Use a processing-time temporal join to enrich a data stream with the latest snapshot of a dimension table. At query time, each incoming row is matched against the current state of the dimension table — that is, the state at the moment the row arrives in Realtime Compute for Apache Flink, not the timestamp encoded in the event itself.
This differs from an event-time temporal join, which correlates rows based on the timestamp embedded in the event.
Prerequisites
Before you begin, ensure that you have:
-
Realtime Compute for Apache Flink using Ververica Runtime (VVR) 8.0.10 or later
-
A MySQL dimension table created and accessible
Usage notes
-
Set
execution.checkpointing.interval-during-backlog = 0to disable checkpointing during full synchronization. Realtime Compute for Apache Flink does not support checkpointing during full synchronization. This setting does not affect checkpointing during incremental data synchronization. -
Set
table.optimizer.proctime-temporal-join-strategy = TEMPORAL_JOINto enable processing-time temporal joins.
Syntax
The processing-time temporal join uses the same syntax as a standard dimension table join:
SELECT column-names
FROM table1 [AS <alias1>]
[LEFT] JOIN table2 FOR SYSTEM_TIME AS OF PROCTIME() [AS <alias2>]
ON table1.column-name1 = table2.key-name1;
The FOR SYSTEM_TIME AS OF PROCTIME() clause tells Flink to look up the dimension table at the processing time of each incoming row.
Example
This example joins a Kafka fact table with a MySQL dimension table to look up phone numbers by name.
Test data
Table 1: kafka_input
| id (bigint) | name (varchar) | age (bigint) |
|---|---|---|
| 1 | Lee | 22 |
| 2 | Harry | 20 |
| 3 | Liban | 28 |
Table 2: phoneNumber
| name (varchar) | phoneNumber (bigint) |
|---|---|
| David | 1390000111 |
| Brooks | 1390000222 |
| Liban | 1390000333 |
| Lee | 1390000444 |
Test code
-- Enable processing-time temporal joins.

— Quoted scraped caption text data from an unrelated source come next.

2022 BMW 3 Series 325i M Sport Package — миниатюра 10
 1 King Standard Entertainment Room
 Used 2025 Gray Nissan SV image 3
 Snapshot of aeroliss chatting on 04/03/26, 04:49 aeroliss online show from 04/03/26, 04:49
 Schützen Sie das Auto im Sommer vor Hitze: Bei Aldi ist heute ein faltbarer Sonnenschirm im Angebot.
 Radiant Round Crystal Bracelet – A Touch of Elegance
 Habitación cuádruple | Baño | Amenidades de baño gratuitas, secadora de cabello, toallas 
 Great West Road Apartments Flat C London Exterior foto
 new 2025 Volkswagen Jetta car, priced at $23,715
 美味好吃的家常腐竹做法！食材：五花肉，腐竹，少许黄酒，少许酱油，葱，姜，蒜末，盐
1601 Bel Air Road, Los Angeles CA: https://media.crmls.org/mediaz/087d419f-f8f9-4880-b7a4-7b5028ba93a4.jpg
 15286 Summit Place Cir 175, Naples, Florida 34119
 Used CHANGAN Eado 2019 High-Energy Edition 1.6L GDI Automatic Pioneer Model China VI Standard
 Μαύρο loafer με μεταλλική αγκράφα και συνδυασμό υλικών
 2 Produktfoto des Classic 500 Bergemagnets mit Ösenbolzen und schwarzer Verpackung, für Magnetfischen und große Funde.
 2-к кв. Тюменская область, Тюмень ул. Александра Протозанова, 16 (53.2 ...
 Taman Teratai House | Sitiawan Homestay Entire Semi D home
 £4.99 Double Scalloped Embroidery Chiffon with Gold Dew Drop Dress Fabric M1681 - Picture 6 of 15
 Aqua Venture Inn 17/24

SET 'table.optimizer.proctime-temporal-join-strategy' = 'TEMPORAL_JOIN';
-- Disable checkpointing during full synchronization.
SET 'execution.checkpointing.interval-during-backlog' = '0';
-- Define the Kafka fact table.
-- proc_time is a computed column that returns the current processing time.
CREATE TEMPORARY TABLE kafka_input (
id BIGINT,
name VARCHAR,
age BIGINT,
proc_time AS PROCTIME()
) WITH (
'connector' = 'kafka',
'topic' = '<yourTopic>',
'properties.bootstrap.servers' = '<yourKafkaBrokers>',
'properties.group.id' = '<yourKafkaConsumerGroupId>',
'format' = 'csv'
);
-- Define the MySQL dimension table.
CREATE TEMPORARY TABLE phoneNumber (
name VARCHAR,
phoneNumber BIGINT,
PRIMARY KEY (name) NOT ENFORCED
) WITH (
'connector' = 'mysql',
'hostname' = '<yourHostname>',
'port' = '3306',
'username' = '<yourUsername>',
'password' = '<yourPassword>',
'database-name' = '<yourDatabaseName>',
'table-name' = '<yourTableName>'
);
-- Define the output table (blackhole discards results; replace with your target sink).
CREATE TEMPORARY TABLE result_infor (
id BIGINT,
phoneNumber BIGINT,
name VARCHAR
) WITH (
'connector' = 'blackhole'
);
-- Join the Kafka stream with the MySQL dimension table at processing time.
INSERT INTO result_infor
SELECT
t.id,
w.phoneNumber,
t.name
FROM kafka_input AS t
JOIN phoneNumber FOR SYSTEM_TIME AS OF t.proc_time AS w
ON t.name = w.name;
Replace the following placeholders with actual values:
| Placeholder | Description |
|---|---|
<yourTopic> |
Kafka topic name |
<yourKafkaBrokers> |
Kafka bootstrap server addresses |
<yourKafkaConsumerGroupId> |
Kafka consumer group ID |
<yourHostname> |
MySQL server hostname or IP address |
<yourUsername> |
MySQL username |
<yourPassword> |
MySQL password |
<yourDatabaseName> |
MySQL database name |
<yourTableName> |
MySQL table name |
Test results
| id (bigint) | phoneNumber (bigint) | name (varchar) |
|---|---|---|
| 1 | 1390000444 | Lee |
| 3 | 1390000333 | Liban |
The row with id = 2 (Harry) has no matching entry in the phoneNumber dimension table, so it is excluded from the results. Use LEFT JOIN instead of JOIN to include unmatched rows with a null phone number.